● **To do**
As the answer, return precisely the lines from the one containing "905 Hickory Dr, Western Springs, IL 60558" to the final line of the material below, inclusive, and omit every picture.

*** Opening Stored data ***

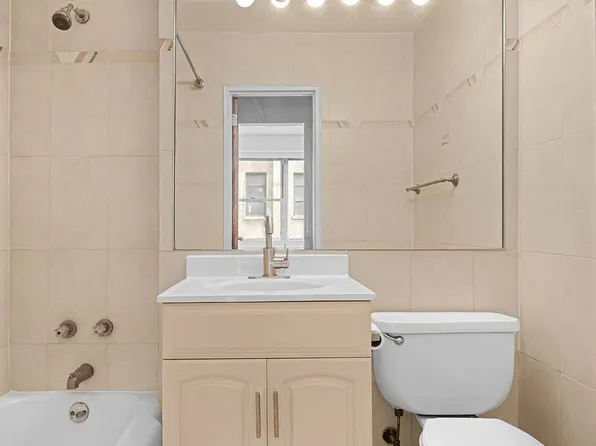 430 West 34th Street image 5 of 8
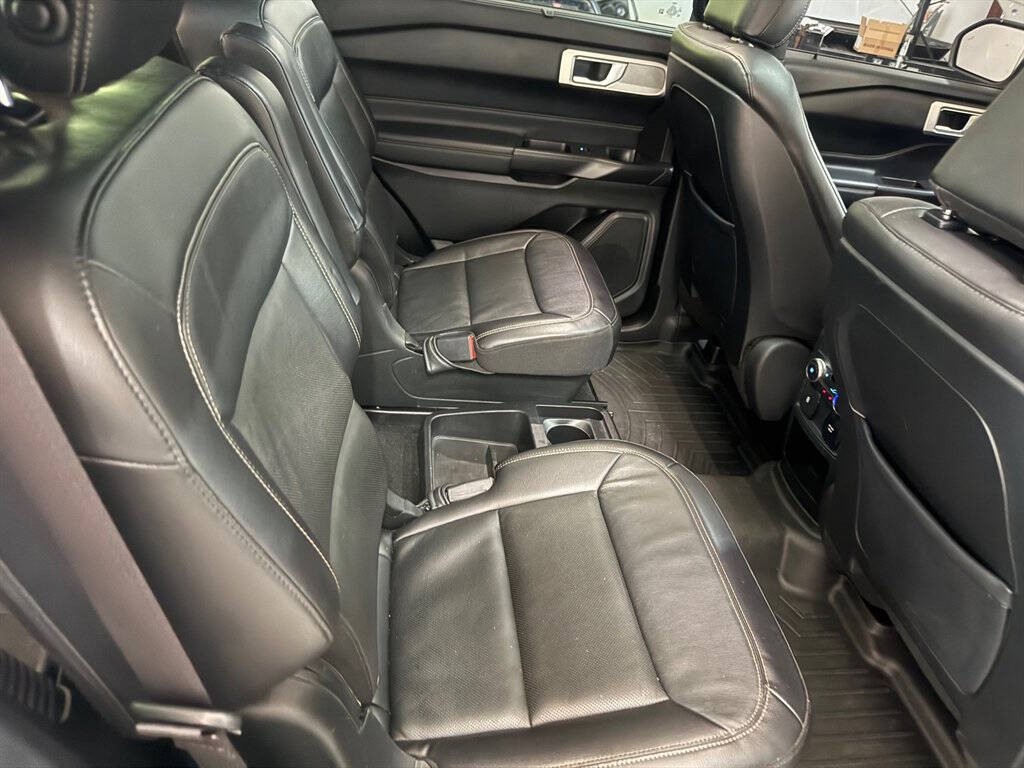 2020 Ford Explorer Image 19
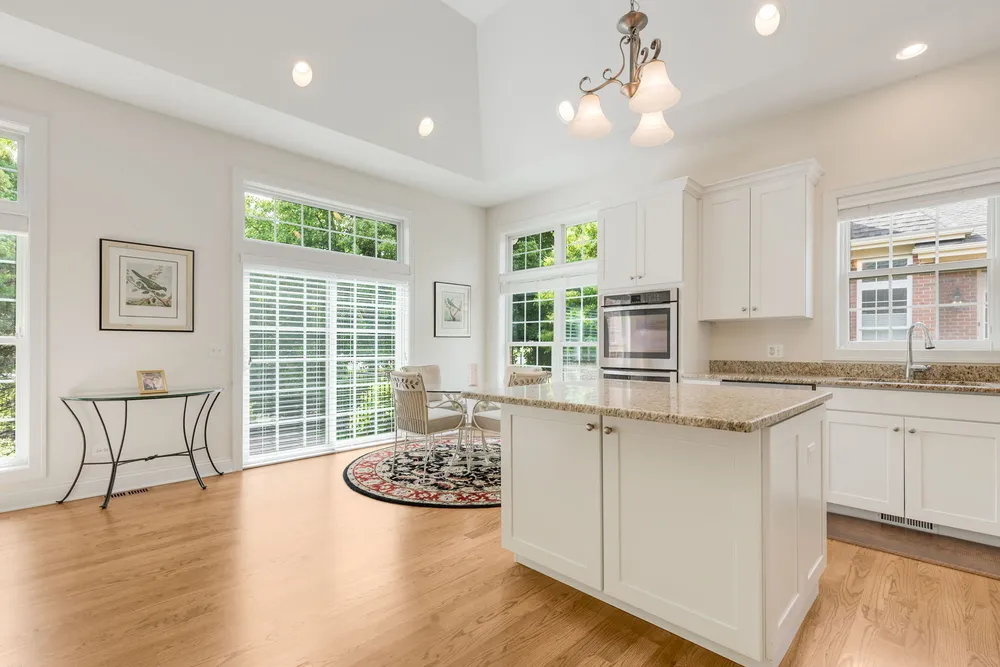 905 Hickory Dr, Western Springs, IL 60558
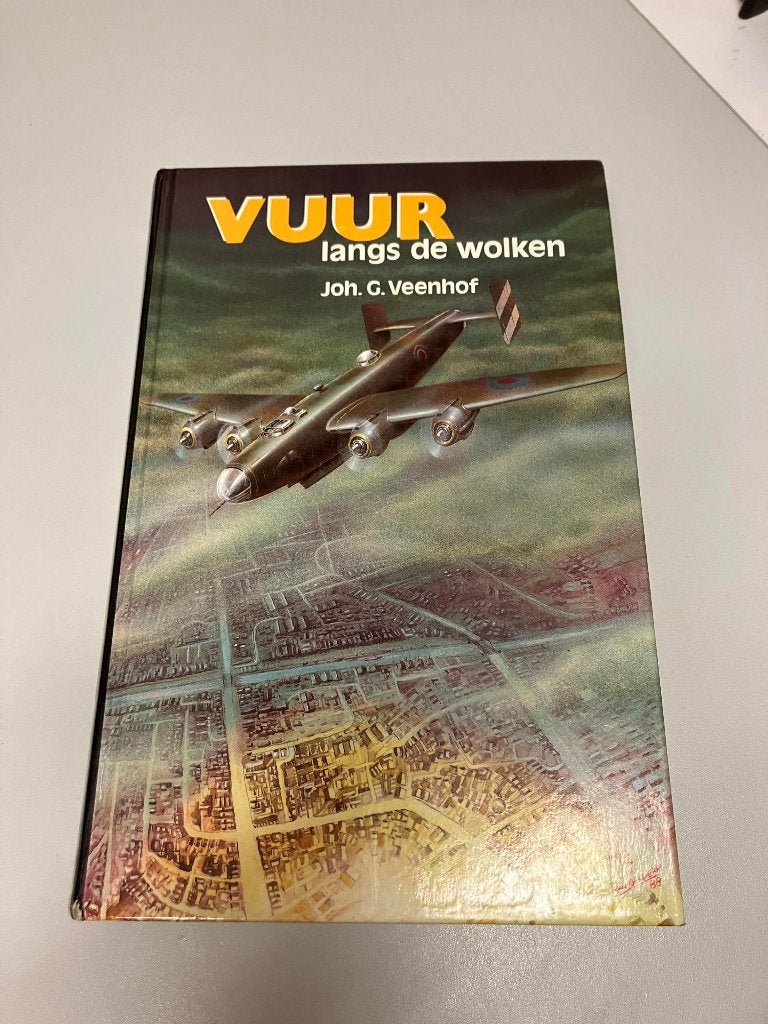 Vuur langs de wolken Veenhof, Boeken, Ophalen of Verzenden, Tweede Wereldoorlog, Gelezen, Algemeen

*** Closing Stored data ***

● **Solution to this problem**
 905 Hickory Dr, Western Springs, IL 60558
 Vuur langs de wolken Veenhof, Boeken, Ophalen of Verzenden, Tweede Wereldoorlog, Gelezen, Algemeen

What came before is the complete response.